明治18年(1885)1月12日のこと、大阪・豊島郡池田村(現・池田市)にいた勘兵衛とよねという夫婦がそろって銭湯に出かけた。
入り口で別れてからそれぞれ入浴し、その後、先に上がった勘兵衛が外で奥さんを待っていたが、いくら経ってもおよねが出てこない。
おかしいと思った勘兵衛は、番台にいた銭湯の主人に尋ねてみた。すると、「その女の人なら、さっき男性が2人やってきて手招きしたところ、それに応じてついていった」という。
これを聞いて驚いた勘兵衛は、いろいろと心当たりを考えてみたところ、実家の人間が来て連れ帰ったのだろうと思ったという。

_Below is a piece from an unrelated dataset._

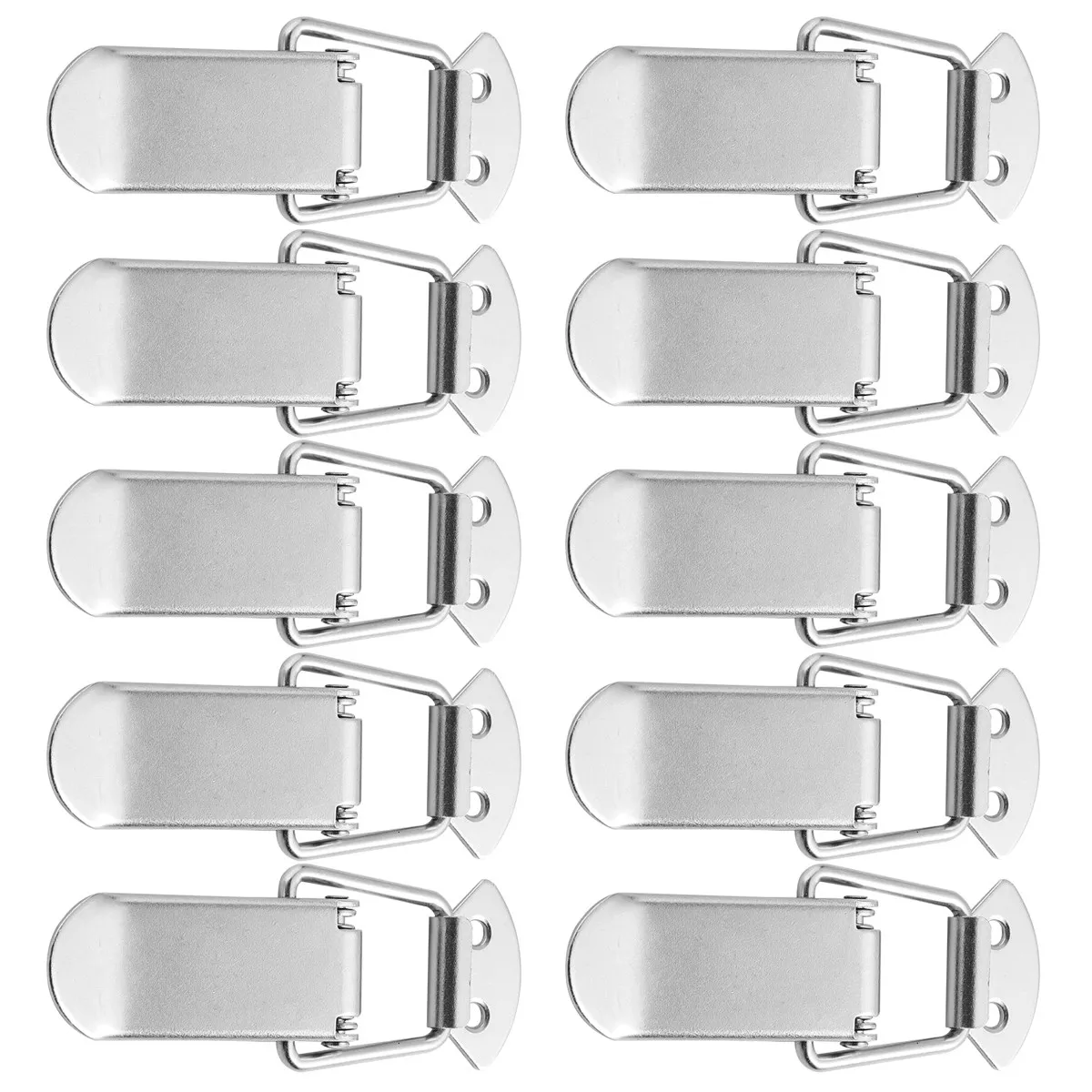 10Pcs Stainless Steel Toggle Latch Anti-Corrosion Spring Loaded Catch Clamp for Toolbox Drawer Case Chest Cabinet Lock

このあたり、記事に詳しい説明がないのでよくわからないが、ともかく、何の承諾もなく正規に結婚している妻を勝手に連れ去られてしまっているわけである。勘兵衛はさっそく、憲兵屯所に訴え出たとのことだった。
ここでやや疑問に感じるのは、なぜ2人の男はおよねに接触することができたかということだが、実際には銭湯で女性に近づくことは非常に簡単なことだった。
まず、銭湯はすでに江戸時代から普及していたが、その多くは混浴だった。明治以降、混浴は禁止されたが、それでも従わない業者が多く、その対処もまちまちだったようだ。たとえば、明治5年に東京のある銭湯では、それまで混浴だった浴槽を男女に区切って営業するようになったが、ひとつの浴槽をガラスで仕切るというものだったらしい。
大阪などでも浴槽を区別していたようだが、脱衣所などは一緒という銭湯が多かったらしい。こうしたことから、地方によってバラつきはあるものの、脱衣所から浴槽まで、完全に男女別々になるのは明治期の後期から末期になるまでかかったとのことである。
こうした状況であるから、銭湯で女性に近づくことなどたいへん簡単だったわけである。